It’s now well understood that many governments see their cyber capabilities as a tool to influence, coerce, deter and disrupt their enemies and rivals. Societies and states today are almost totally dependent on cyberspace to communicate, conduct routine but essential transactions, store information and make critical decisions about policy matters, from the mundane to the strategic. Yet it’s hard for people without deep technical understanding of the technology—your columnist included—to know where to fit these cyber realities into familiar categories for the conduct of national security and international relations.
There’s also a risk of discussing openly how to respond to cyber threats and attacks with the transparency demanded in democratic societies, when the cyber bullies often come from places that are quite good at deception and denial. There isn’t an even playing field to begin to discuss new norms, or global governance for cyberspace. Russia, North Korea, Iran and China are known to have developed advanced cyber capabilities as a form of asymmetric warfare and are not willing to engage in any serious discussion to govern or limit their use.

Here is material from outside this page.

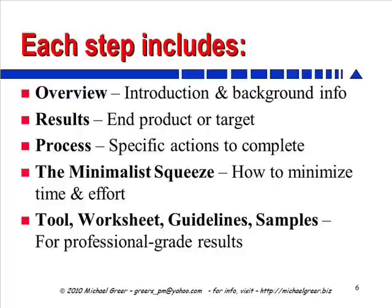And finally, each step includes a whole collection of different tools, worksheets, guidelines, and samples. So, as we said earlier, the Minimalist is like a cookbook. Each of these steps you can jump into and get more detail only as you need it. And this consistent structure makes it easy to find what you want quickly.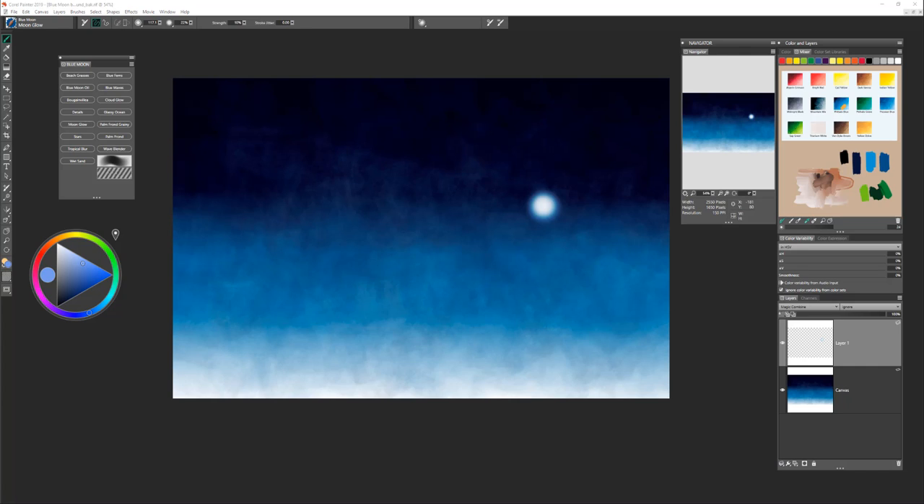The next step is to paint a few clouds. Clouds will be brighter the closer they are to the light source, which is the moon, and less saturated if they are further away. You'll want to observe this rule throughout the painting process as you apply other elements. Remember, this is your painting, so have fun and paint the clouds in your unique way. For the clouds, use the blue moon oil, cloud glow, and the glassy ocean to create wispy edges.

Often, cyberattacks are short of all-out war. They are used to disrupt and disturb, to be sure, but just to put adversaries on edge, not necessarily to defeat them in some more absolute way. We know now that these disruptive techniques during electoral cycles have in fact shaken the confidence of democratic systems, with long-term consequences we cannot yet grasp. Cyberattacks are also used to gain economic advantage, by stealing technology or data that can erode a company’s or a country’s dominance in a particular economic sector. And they certainly meet the threshold of weapons when used to compromise another country’s defensive or offensive military capabilities.